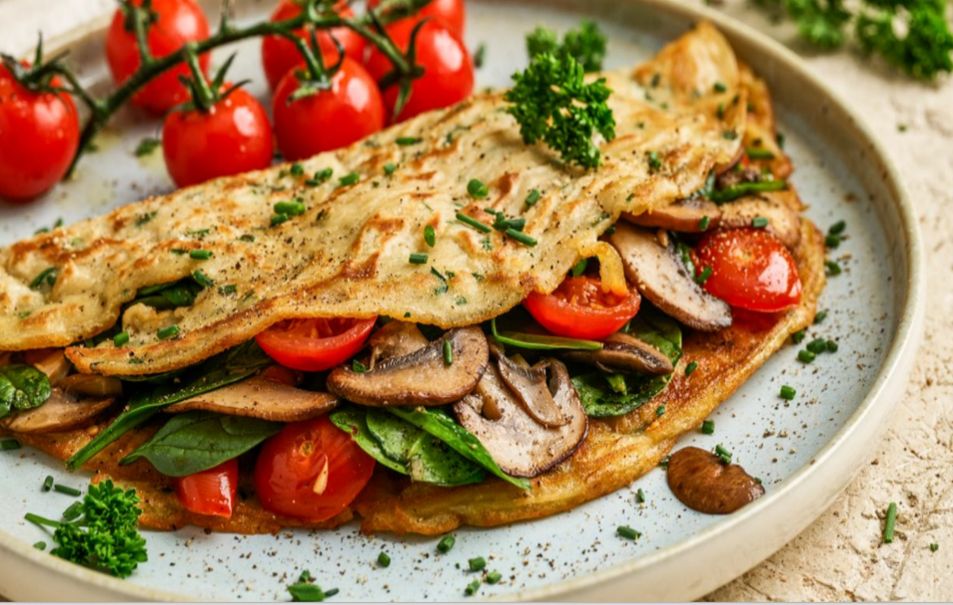 OMELETT MIT CHAMPIGNONS + SPINAT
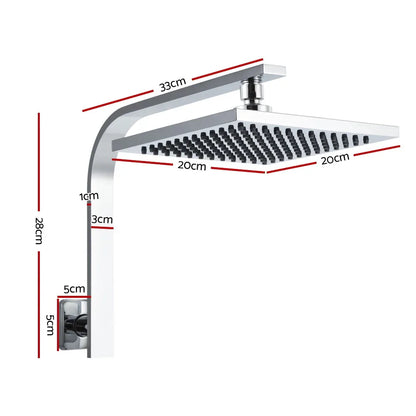 Cefito 8'' Rain Shower Head Wall Arm Square High Pressure Chrome - Mekamart Australia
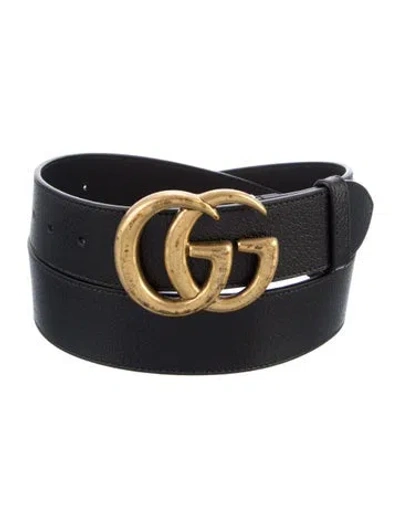 Pre-owned Gucci Leather Belt In Black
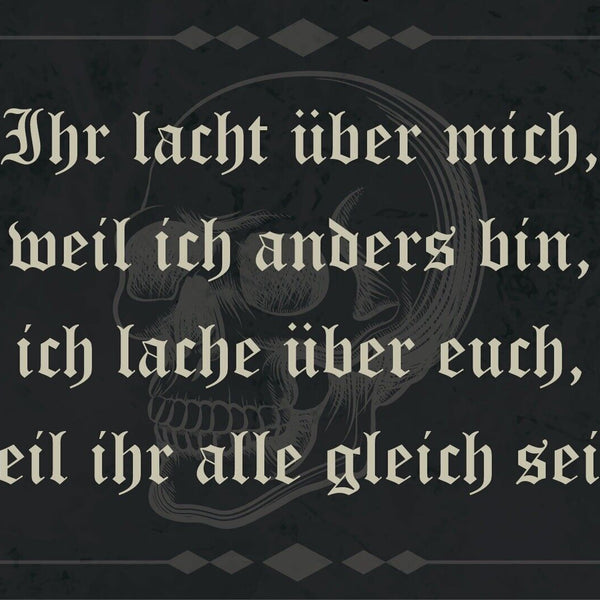 Nostalgie Schild Anders Sein Lachen Eigen 12x18 / 20x30 / 30x40 Blech od. Holz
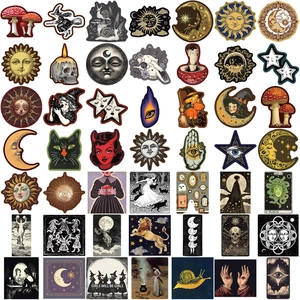 Pack of 50 vintage celestial stickers with moon sun and gothic occult mystery designs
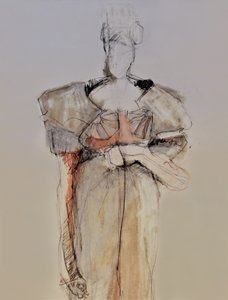 Elegant modetegning af Doris Schmitz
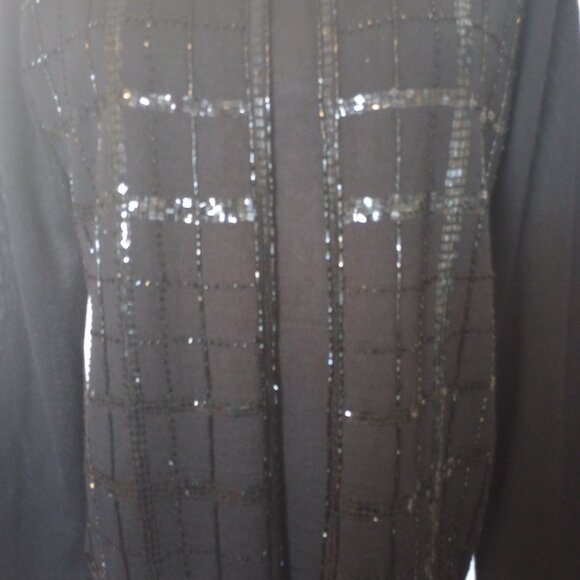 Elegant Black Sequin Beaded Twin Set sz Petite Medium Wool Blend - Picture 3 of 11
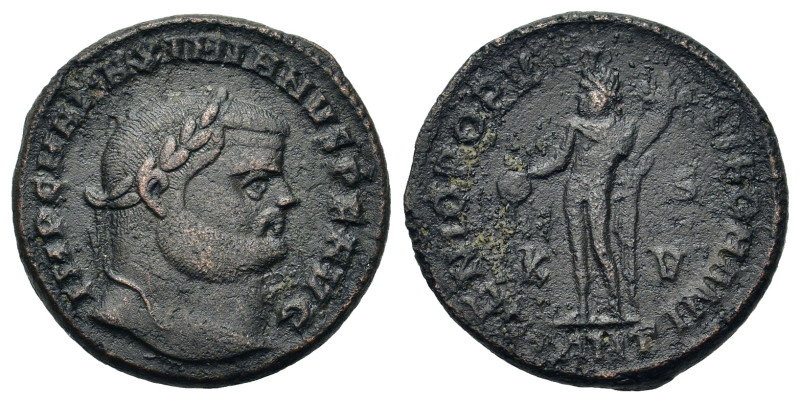 Maximian (286-305). Æ Follis (26mm, 10g). Antioch, AD 299-300. Laureate head r. ...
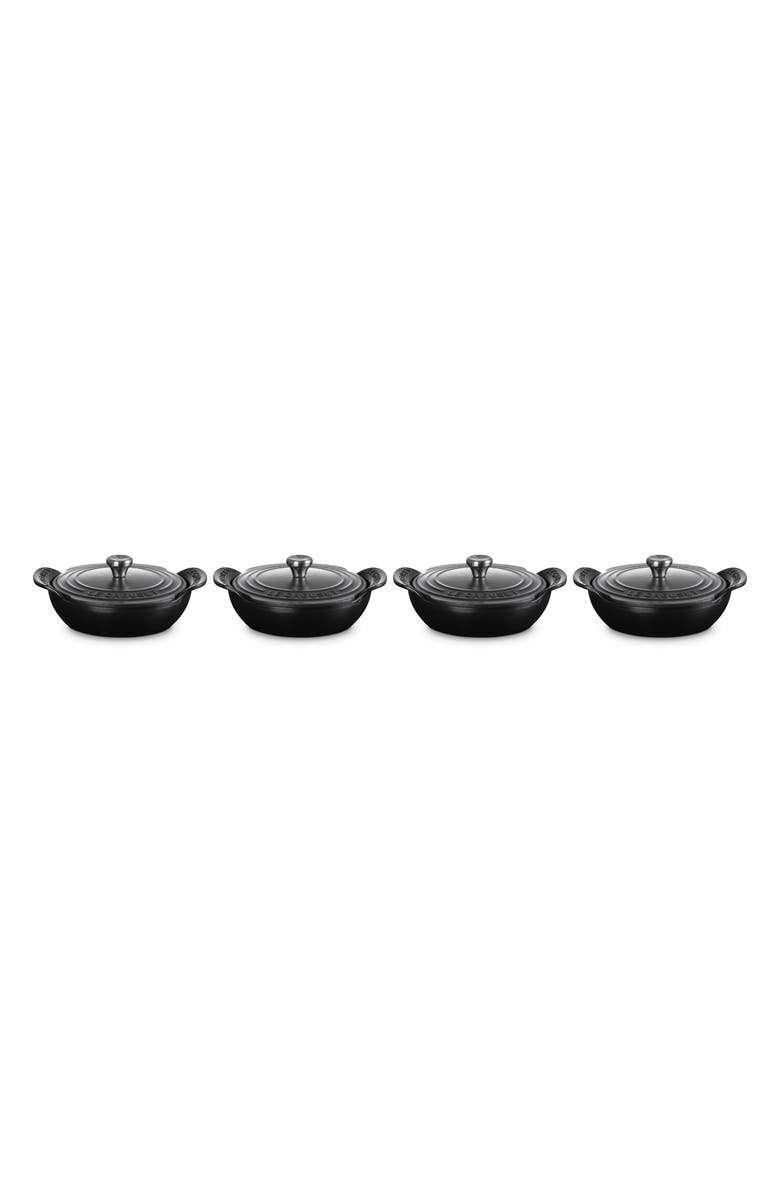 Le Creuset Gourmand Set of 4 1/3-Quart Enamel Cast Iron Braiser with Lid, Main, color, Matte Black
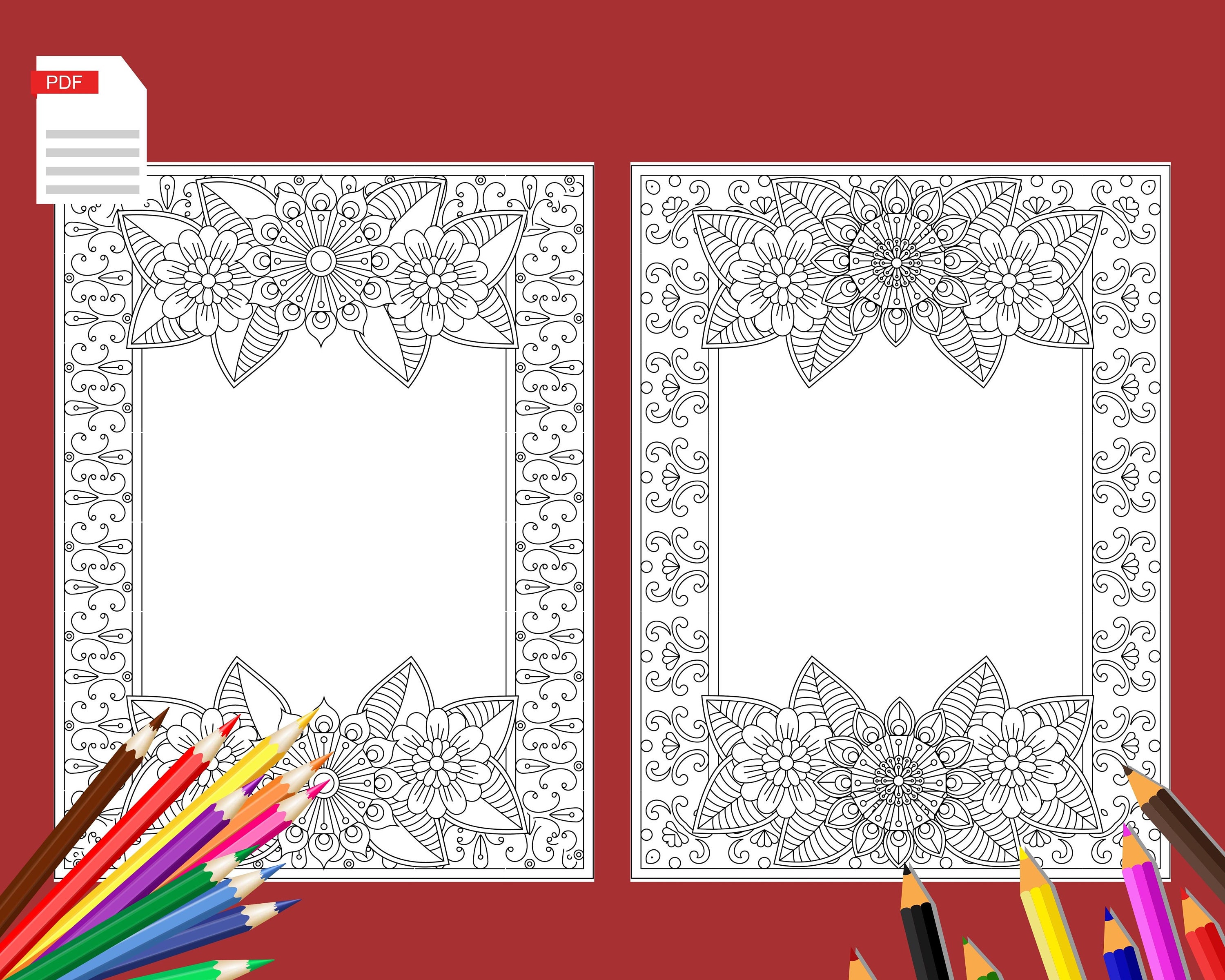 Mandala Flower Borders Coloring Book Pages for Everyone Gift 20 Digital ...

Required action: From the line that contains "Elegant Black Sequin" to the last line of the data, print each line exactly, both ends included, and omit the pictures.

Result:
 Elegant Black Sequin Beaded Twin Set sz Petite Medium Wool Blend - Picture 3 of 11
 Maximian (286-305). Æ Follis (26mm, 10g). Antioch, AD 299-300. Laureate head r. ...
 Le Creuset Gourmand Set of 4 1/3-Quart Enamel Cast Iron Braiser with Lid, Main, color, Matte Black
 Mandala Flower Borders Coloring Book Pages for Everyone Gift 20 Digital ...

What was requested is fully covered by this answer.